Vegan Persimmon Nutella Galette
Thanksgiving is in less than TWO weeks and this vegan persimmon nutella galette needs to be on the dessert menu! It’s my version of a lazy pie that is rustic and doesn’t require perfection. 🙂 I love persimmon season and I’m so grateful I’m in California for it! It’s much more accessible here and lots of people have persimmon trees in their backyards! I grew up eating persimmons and it was one of my favorite fruits when I was younger. This persimmon galette requires the use of the more firm/crunchier type called fuyu persimmons.

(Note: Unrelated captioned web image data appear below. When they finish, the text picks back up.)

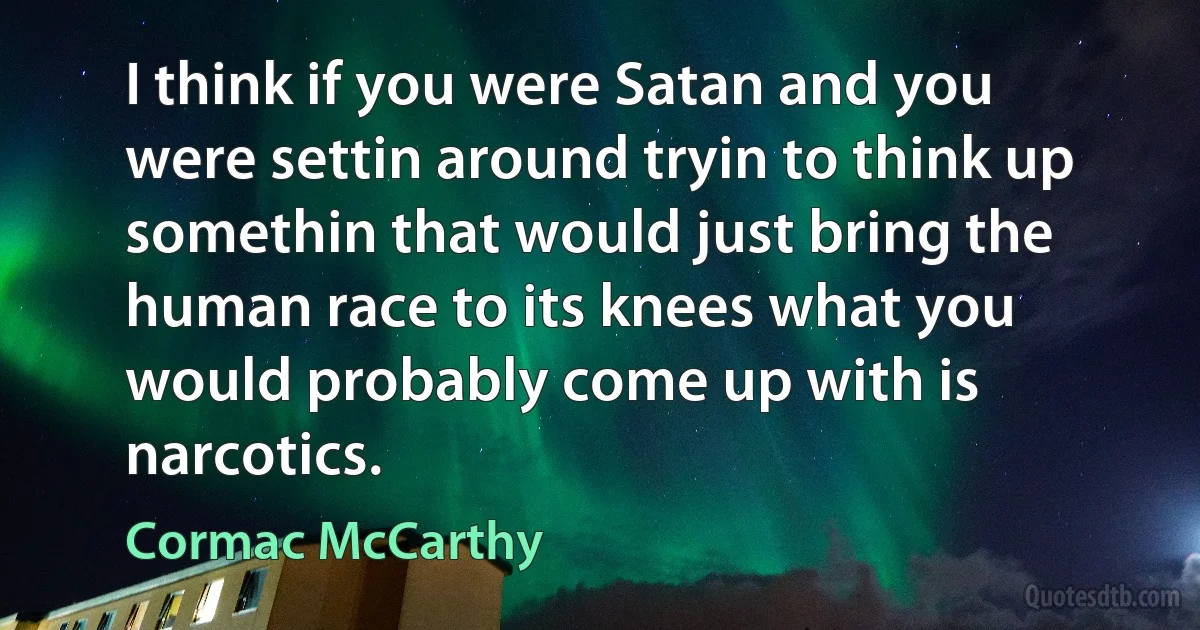 I think if you were Satan and you were settin around tryin to think up somethin that would just bring the human race to its knees what you would probably come up with is narcotics. (Cormac McCarthy)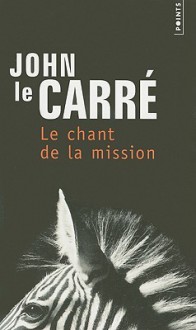 Le Chant de la mission - John le Carré, Mimi Perrin, Isabelle Perrin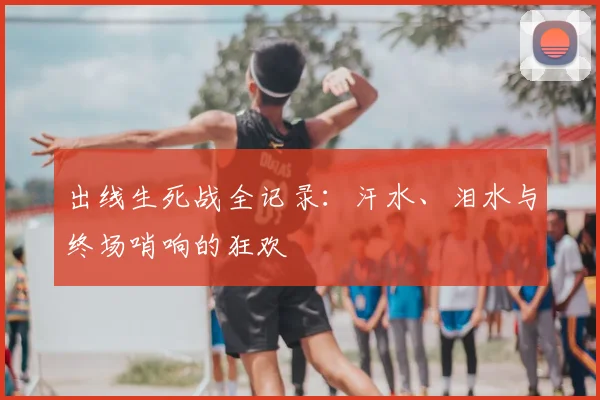 出线生死战全记录:汗水、泪水与终场哨响的狂欢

You can use any nutella you like. I used the one from Trader Joe’s that is vegan, but you can definitely use a homemade one as well. I love making galettes because you don’t have to roll out the crust perfectly and pinch the edges to make it beautiful. They taste just as good as pies and in my opinion, way easier to make. I love the flavors from the persimmons paired with the nutella. It’s not overly sweet since I don’t add as much sugar to the persimmons and the nutella was a darker chocolate version that contained way less sugar than your average nutella. If you do prefer a sweeter dessert, feel free to add more sugar to the persimmons. The key is to use riper persimmons in this recipe to take advantage of the natural sweetness of the fruit. Anyways, this galette is vegan, refined sugar free, super easy to make, and so dang good (especially eaten WARM)! If you haven’t ever tried persimmons, this is the perfect recipe!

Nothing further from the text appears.